Available records:
────────────────────
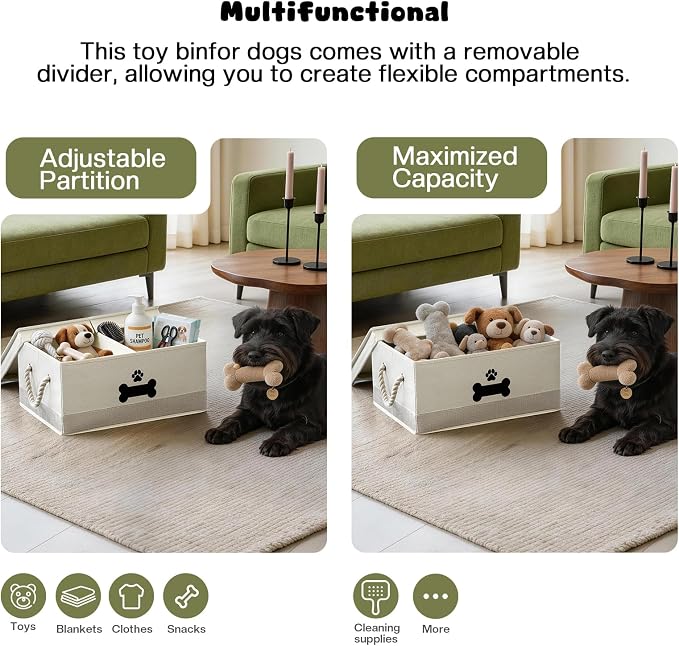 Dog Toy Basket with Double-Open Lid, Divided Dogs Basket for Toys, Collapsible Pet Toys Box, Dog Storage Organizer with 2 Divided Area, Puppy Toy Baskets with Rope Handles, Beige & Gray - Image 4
────────────────────
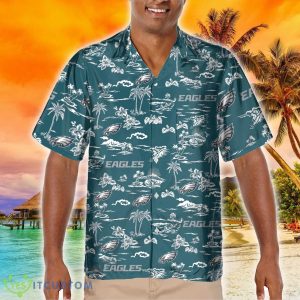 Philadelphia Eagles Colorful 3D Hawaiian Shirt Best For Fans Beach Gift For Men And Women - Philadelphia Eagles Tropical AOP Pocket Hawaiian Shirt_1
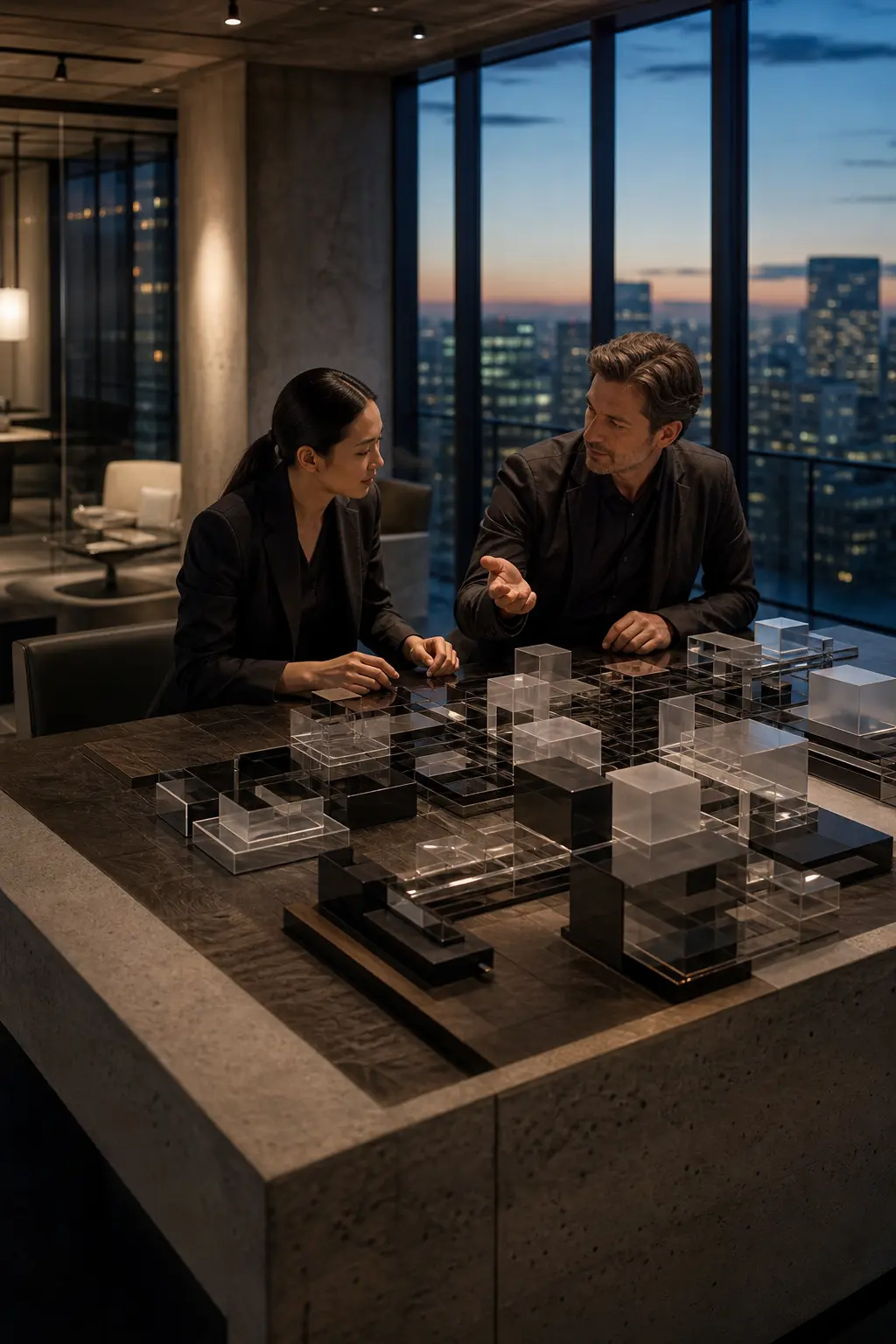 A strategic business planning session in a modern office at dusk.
────────────────────
Every line above between the one containing "Philadelphia Eagles Colorful" and the one containing "A strategic business", those two included, is to be printed exactly. No pictures go into the copy.

 Philadelphia Eagles Colorful 3D Hawaiian Shirt Best For Fans Beach Gift For Men And Women - Philadelphia Eagles Tropical AOP Pocket Hawaiian Shirt_1
 A strategic business planning session in a modern office at dusk.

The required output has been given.